Just as Edward Fudge is heralded in conditionalist circles as the foremost thinker, the same can be said about Thomas Talbott in universalist circles. The following are quotes from his introductory chapters in one of the best books discussing universalism available today, Universal Salvation? The Current Debate.
"Consider the following inconsistent set of propositions:
1. God's redemptive love extends to all human sinners equally in the sense that he sincerely wills or desires the redemption of each one of them.
2. Because no one can finally defeat God's redemptive love or resist it forever, God will triumph in the end and successfully accomplish the redemption of everyone whose redemption he sincerely wills or desires.
3. Some human sinners will never be redeemed but will instead be separated from God forever."
If the above set of propositions is logically inconsistent, and it surely is, then at least one of the above propositions is false.

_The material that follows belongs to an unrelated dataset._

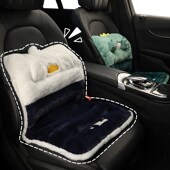 汽车坐垫冬季 毛绒加厚单片车内座椅加热座垫通用车垫腰靠一体可爱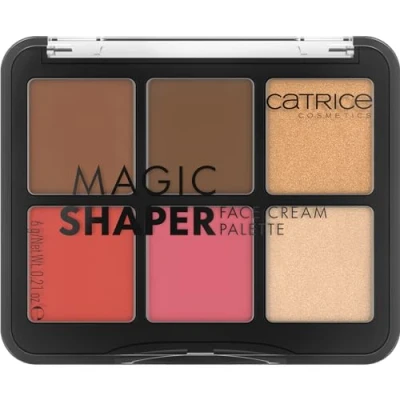 Afbeelding van Catrice Magic Shaper Face Cream Blush Palet nr. 010, meerkleurig, 6 kleuren, direct resultaat, natuurlijk, veganistisch, zonder parfum, alcohol, parabenen, 1 verpakking (6 g)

But which one? Because Christian universalists accept both proposition (1) and proposition (2), they reason deductively that proposition (3) is false."
"Because Western theology includes, moreover, two respectably orthodox traditions, one of which holds....that proposition (1) is a clear teaching of Scripture and the other of which holds...that proposition (2) is a clear teaching of Scripture, we are entitled to conclude, I think, that the case for universalism is not nearly as `palpably weak' as [some] would have us believe. For if it were so 'palpably weak', you would expect that the respectably orthodox among us would at least agree on which part of the case is `palpably weak'. So which is it, proposition (1) or proposition (2)? Should we limit the scope of God's love, as the Augustinians do? Or should we insist that God's loving will suffers an ultimate defeat, as the Arminians do? If neither of these options seems acceptable, then one is left with the belief that God loves all equally and that his loving will cannot be thwarted forever. And that is universalism."
"...our task in what follows will be to examine two prominent New Testament themes: that of Christ's ultimate victory and triumph, on the one hand, and that of divine judgement, on the other."
"Unlike those who believe that God will never destroy sin completely, but will instead keep it alive throughout an eternity of hell, universalists and annihilationists agree that God will utterly destroy sin in the end and destroy it forever. But whereas the annihilationists believe that God will do this by annihilating some of his own loved ones, the universalists believe that God will do it in the only way possible short of annihilating the objects of his love: by saving them from their sins."
"Paul clearly taught that Christ will destroy death and a host of other cosmic forces inimical to the interest of humankind. So how should we understand this? Universalists believe that the same God who commands us to love our enemies loves his own enemies as well. But God does not love sin or death or anything that separates us from him, and Paul also referred to these as enemies. So here we must distinguish carefully between the sense in which such personified evils as Sin and Death and various cosmic forces are enemies and the sense in which real people under the power of such evils are enemies. Christ destroys enemies of the first kind (non-persons) by obliterating them, that is, by eliminating them from his creation entirely." When he does destroy sin and death and various cosmic forces, he likewise destroys enemies of the second kind (sinful persons) in the only way possible short of annihilating them: by redeeming them while they are yet enemies. For only enemies of the second kind (persons) are possible objects of God's redemptive love."
"So herein lies the Christian universalist's understanding of God's ultimate victory, which is also a key to a proper understanding of divine judgement. God is too pure (read `too loving') to allow evil of any kind to survive forever in his creation. He will not, therefore, merely quarantine evil in hell, but will instead destroy it altogether even as he regenerates the evil ones themselves."
"As Paul himself predicted, the `last enemy to be destroyed is death' (1 Cor. 15:26); and at the end of Revelation 20 we thus see death itself being consumed or destroyed in the lake of fire. This is also called `the second death', which is simply the death of death: the time when Death itself dies everlastingly. But in Pauline theology death is more than a physical process; it is also a spiritual condition and includes everything that separates us from God. Accordingly, the final destruction of death must also include a final destruction of everything that separates us from God. Those who endure the second death will, for reasons of a kind already given, suffer a great loss and will no doubt experience the final destruction of their sinful nature as if it were the very destruction of themselves. Still, like those failed Christian leaders whose false works must also be consumed, they themselves `will be saved, but only as through fire' (1 Cor. 3:15)."
"If you impose upon the Bible the faulty idea that God's justice and mercy are in conflict," you will inevitably conclude that punishment is a matter of justice, not mercy, and forgiveness a matter of mercy, not justice. You will then take the biblical warnings concerning future punishment as proof that God could not possibly be merciful to all, despite what Paul explicitly said. You will also conclude that Jesus came to save us not from our sin, but from the terrible justice of God. As I see it, however, the Christian message is just the opposite of that. God sent his Son into the world not for the purpose of saving us from the justice of God, but for the purpose of establishing that very justice, which is also altogether merciful, in us. When every evil is finally destroyed, every wrong finally set right, and every opposing will finally transformed, then and only then will the scales of justice finally balance; then and only then will God truly be all in all."